Until sales growth comes, Truscott is focusing on what he terms the best-managed Mexican companies whose businesses can’t be readily duplicated by hungry U.S. competitors: Phone giant Telmex, for example, and retailer Cifra, which has formed a joint venture with Wal-Mart.

Geoffrey Dennis, Latin stock strategist with Bear, Stearns & Co. in New York, agrees that Mexican stocks are due for a pause. But he still sees the Bolsa index reaching 3,150 by year’s end. “I think that because a lot of investors have missed this rally, any correction will be limited.”

Under Zedillo, and with the help of free trade, Dennis sees Mexico growing 5% a year, versus 3% annually over the last six years. His favorite plays: Infrastructure stocks, such as construction firm Empresas ICA; and banks like Bancomer, whose earnings should rise as Mexican interest rates fall.


* Brazil. Many Latin fund managers are vastly more excited about Brazil than Mexico, even though the Bovespa index is up more than 60% this year in dollar terms, and even though a selloff is overdue. “We think the market can at least double again” before it reaches expensive levels, says Soraya Betterton, manager of the GT Latin American fund in San Francisco.

As with Mexico, the near-term optimism in the Brazilian market rests on the expected victory of a free-market presidential candidate--in this case, Fernando Cardoso. It is his anti-inflation plan that took effect on July 1, giving Brazil a new currency and an economic program designed to bring down an inflation rate that routinely topped 500% a year.
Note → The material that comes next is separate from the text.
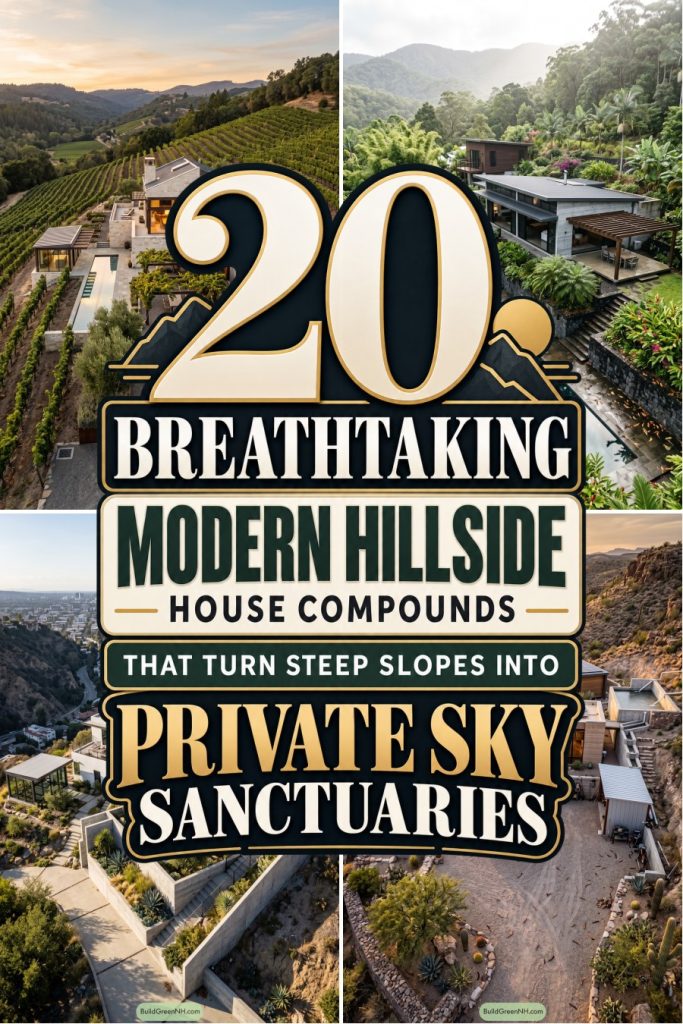 20 Breathtaking Modern Hillside House Compounds That Turn Steep Slopes Into Private Sky Sanctuaries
In less than two months, the plan has cut inflation to 5% a month. F. Rowe Michels, analyst at Latin stock specialist D.A. Campbell Co. in Los Angeles, says the market is sensing that if this program works--admittedly still a big ‘if'--"Brazil is headed toward economic and political stability that will allow Brazilian companies to make much more efficient use of their assets.”

And because Brazilian firms already are considered among the best-managed in Latin America, their potential in a true working economy has investors wide-eyed. With many stocks priced at just 10 to 15 times estimated 1994 earnings, Brazil “is going a lot higher if the anti-inflation plan works,” says Truscott.


The Latin Funds

Here are mutual funds that target Latin American stocks. Note that most of these funds charge a redemption fee if you exit before a set period of time has passed.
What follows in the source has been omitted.